12. Are you ready for responsibility? – When the church in Acts ran into administrative problems, they chose men full of the Holy Spirit and wisdom, with a good reputation in the community. These men were not less spiritual than the apostles, they just had a different gift mix—they were Kings. They did more than just take care of practical matters, however. Stephen and Philip went on to carry the mission of expanding the Kingdom.
“…Therefore, brethren, seek out from among you seven men of good reputation, full of the Holy Spirit and wisdom, whom we may appoint over this business; but we will give ourselves continually to prayer and to the ministry of the word.” And the saying pleased the whole multitude. And they chose Stephen, a man full of faith and the Holy Spirit, and Philip, Prochorus, Nicanor, Timon, Parmenas, and Nicolas, a proselyte from Antioch, whom they set before the apostles; and when they had prayed, they laid hands on them. Then the word of God spread, and the number of the disciples multiplied greatly in Jerusalem, and a great many of the Priests were obedient to the faith. (Acts 6:3-7 NKJV)
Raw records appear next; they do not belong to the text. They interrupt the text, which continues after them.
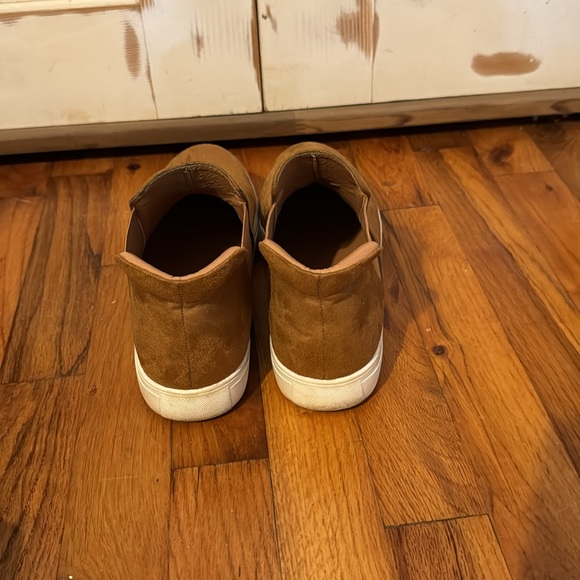 Booties - Picture 3 of 4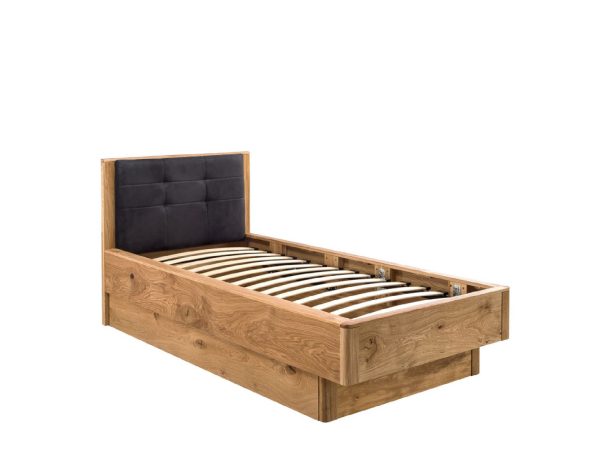 Drewniane łóżko z czarnym zagłówkiem i pojemnikiem na pościel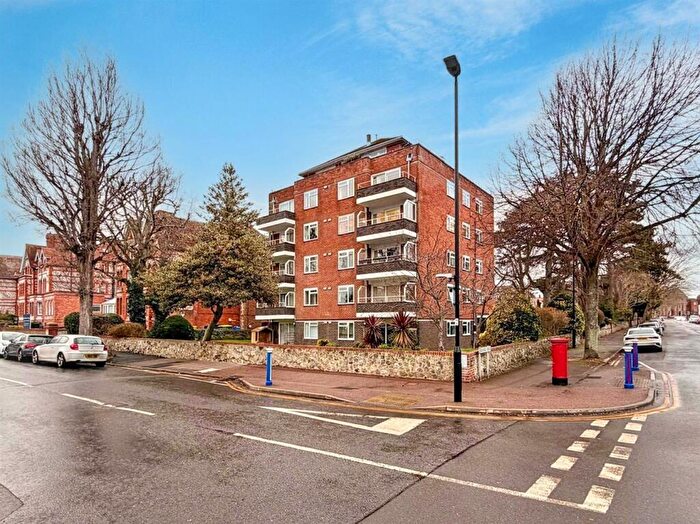 3 Bedroom Flat For Sale In Grange Road, Eastbourne, BN21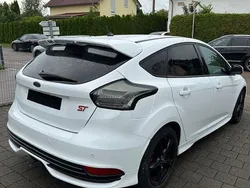 Weiß Gebraucht 2017 Ford Focus ST Limousine | 14.000 € (Guter Preis)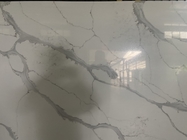 Dalle en pierre de quartz de Calacatta de gris de NSF avec le matériel résistant de décoration d'éraflure blanche de fond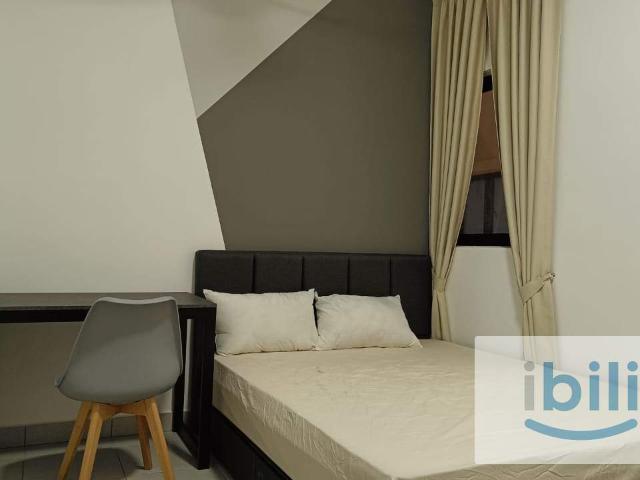 Middle room @ netizen bandar tun hussein onn – fully furnished mixed unit. A Well Maintained, Clean & Comfortable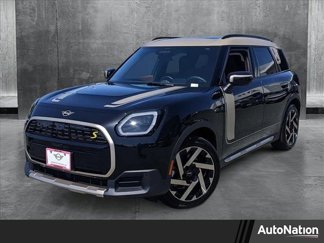 New 2025 MINI Cooper Countryman SE w/ Comfort Package Max image 1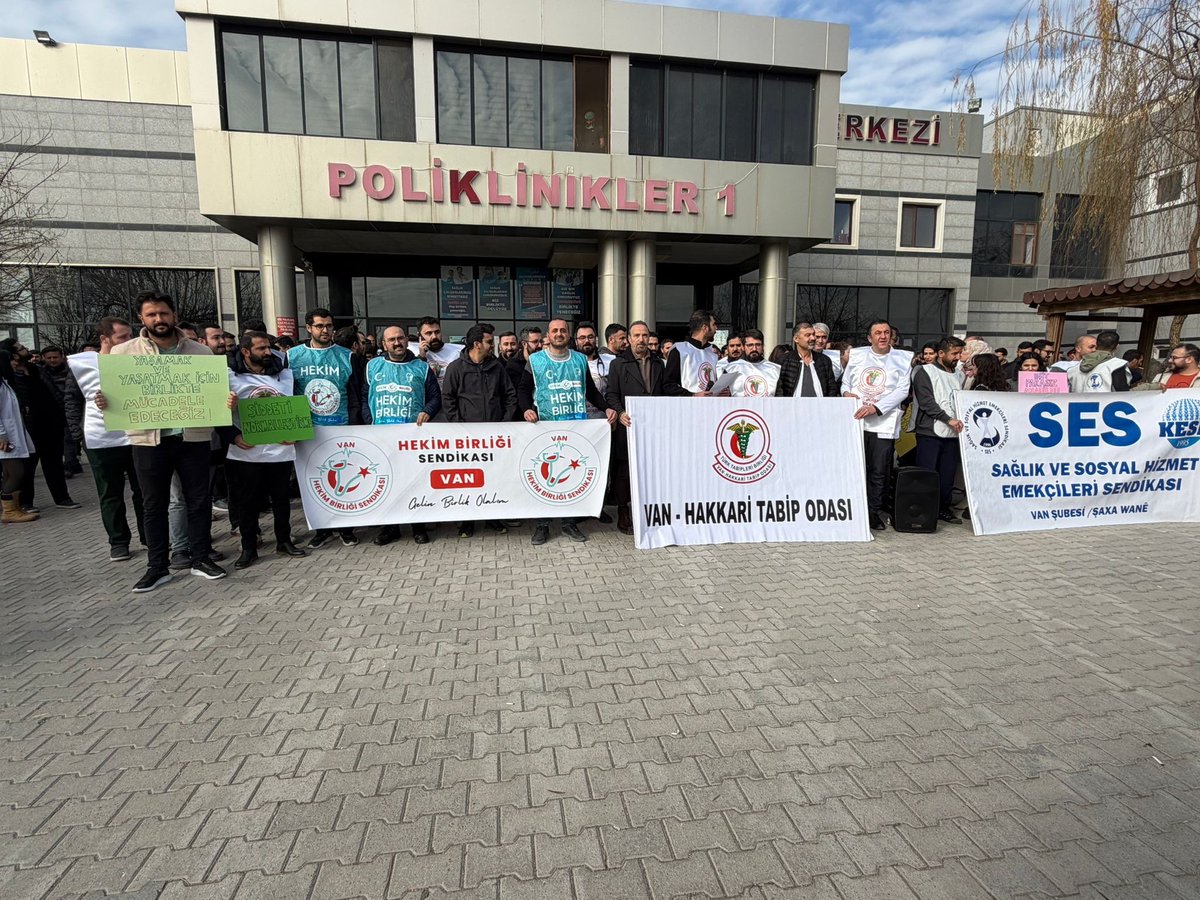 Bugün Van YYÜ Dursun Odabaş Tıp Merkezi önünde basın açıklaması yaptık.

Hekim Birliği Sendikası Genel Başkan Yardımcımız Dr. Burak Taşdemir ve Doğu Anadolu Şubemizin katılımıyla, hastanede görev yapan asistan hekimlerin yaşadığı ağır ve kronik sorunları kamuoyuyla paylaştık.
In this passage, the apostles (Priests) turned business over to Kings and gave Themselves to their true calling—prayer and the ministry of the Word, and the equipping the saints for ministry. The seven appointed Kings were some of their best fruit. The result was:
1. The Word of God spread
2. Disciples multiplied in Jerusalem
3. Many Jewish Priests got saved
Just as Nehemiah built the wall in 52 days, when Kings got involved in this “business,” we never hear of the problem again.
13. Do you know why God wants to give you increase? Reaching Cities – The parable of the ten minas makes the point that people who are faithful in small matters (such as money) are given more respon-sibility (such as cities).
“The first one came and said, ‘Sir, your mina has earned ten more.’ ‘Well done, my good servant!’ his master replied. ‘Because you have been trustworthy in a very small matter, take charge of ten cities.’ ” “The second came and said, ‘Sir, your mina has earned five more.’ His master answered, ‘You take charge of five cities.’ ” (Luke 19:16-19)
Instead of seeing the responsibility for cities being given in Heaven, we need to see that city responsibility is part of our strategy for revival now! Kings with an anointing to multiply finances are the ones with the resources and mandate from God to impact our cities for Christ. This undertaking will be far more complicated and costly than any pastor or group of pastors could hope to undertake alone. Revival in our cities never will be funded with tithes that belong to our pastors (Priests). It will take the resources of Kings.